Halting the allergic march
The importance of offering protection against atopic dermatitis and certain allergic symptoms is two-fold. Not only is the condition unpleasant and irritating for the child at the time, it is also considered one of the stages in the pediatric ‘allergic march’ in which allergies might follow atopic dermatitis to allergic rhinoconjunctivitis and finally to asthma. Childhood allergy places a significant burden on the NHS, and any intervention that can halt or avoid the onset of this progression and reduce the need for treatment is to be welcomed.
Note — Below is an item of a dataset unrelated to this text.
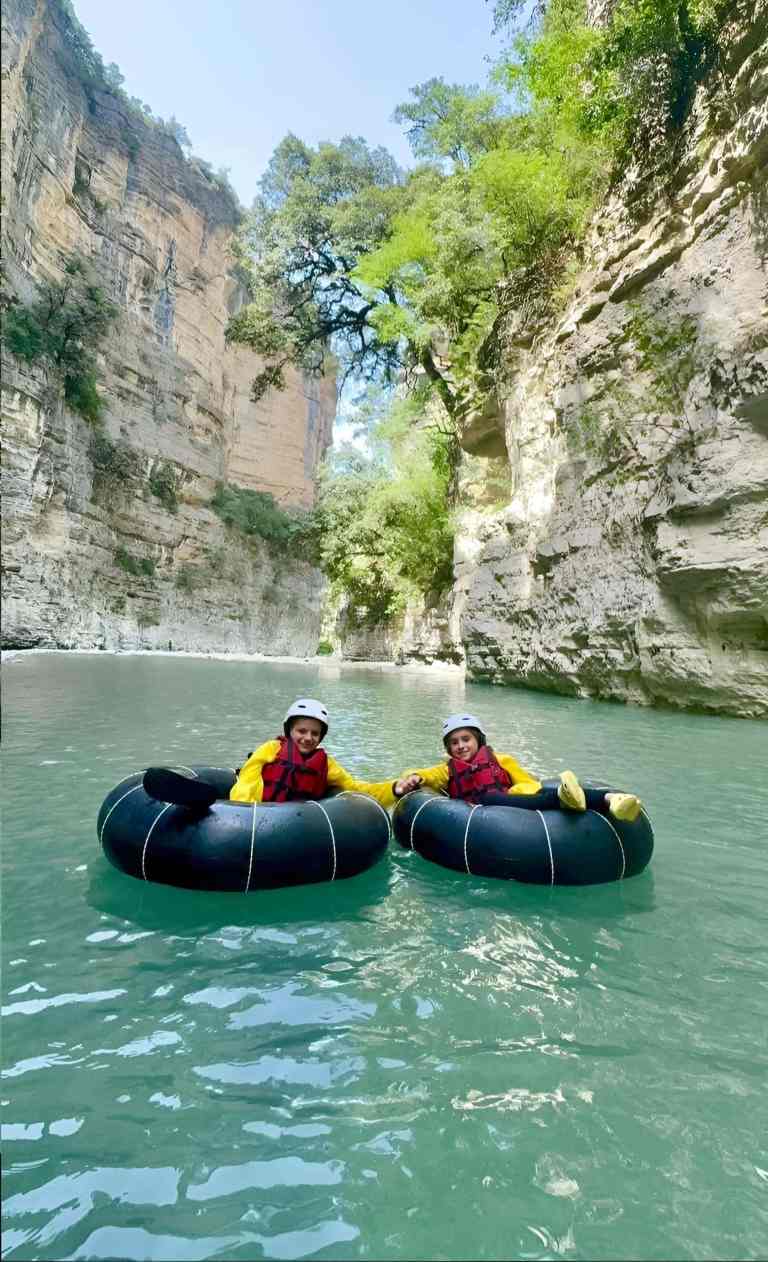 Two people floating on tubes in red life jackets on the green Osum Canyon river near Berat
Naturally occurring oligosaccharides in breastmilk are just one of the many remarkable ways in which breastfeeding offers infants the very best start in life. The more we learn about the various constituents within breastmilk (including recently discovered small amounts of Bifidobacteria and lactobacilli), the more we understand how the benefits of breastfeeding extend beyond nutrition and into the realms of immune system development.
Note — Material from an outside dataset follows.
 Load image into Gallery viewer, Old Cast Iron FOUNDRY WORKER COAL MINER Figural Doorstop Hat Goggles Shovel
1. World Health Organization. Breastfeeding [Online]. WHO. Available at: http://www.who.int/topics/breastfeeding/en/ [Accessed July 2013].
2. Kelly D, Coutts AG. Early nutrition and the development of immune function in the neonate, Proc Nutr Soc 2000; 59(2):177-85.
3. Boehm G, Moro G. Structural and functional aspects of prebiotics used in infant nutrition, J Nutr 2008; 138(9); 1818-28.
4. Gibson GR, Wang X. Regulatory effects of bifidobacteria on the growth of other colonic bacteria, J Appl Bacteriol 1994; 77(4):412-20.
5. Harmsen HJ et al. Analysis of intestinal flora development in breast-fed and formula-fed infants by using molecular identification and detection methods, J Pediatr Gastroenterol Nutr 2000; 30(1):61-7.
6. Watanabe S et al. Differences in fecal microflora between patients with atopic dermatitis and healthy control subjects, J Allergy Clin Immunol 2003; 111(3):587-91.
7. Björkstén B et al. Allergy development and the intestinal microflora during the first year of life, J Allergy Clin Immunol 2001; 108(4):516-20.
8. Arslanoglu S et al. Early dietary intervention with a mixture of prebiotic oligosaccharides reduces the incidence of allergic manifestations and infections during the first two years of life, J Nutr 2008; 138(6):1091-5.
9. Arslanoglu S et al. Intestinal microbiology in early life: specific prebiotics can have similar functionalities as human-milk oligosaccharides, J Biol Regul Homeost Agents 2012; 26 S: 49-59.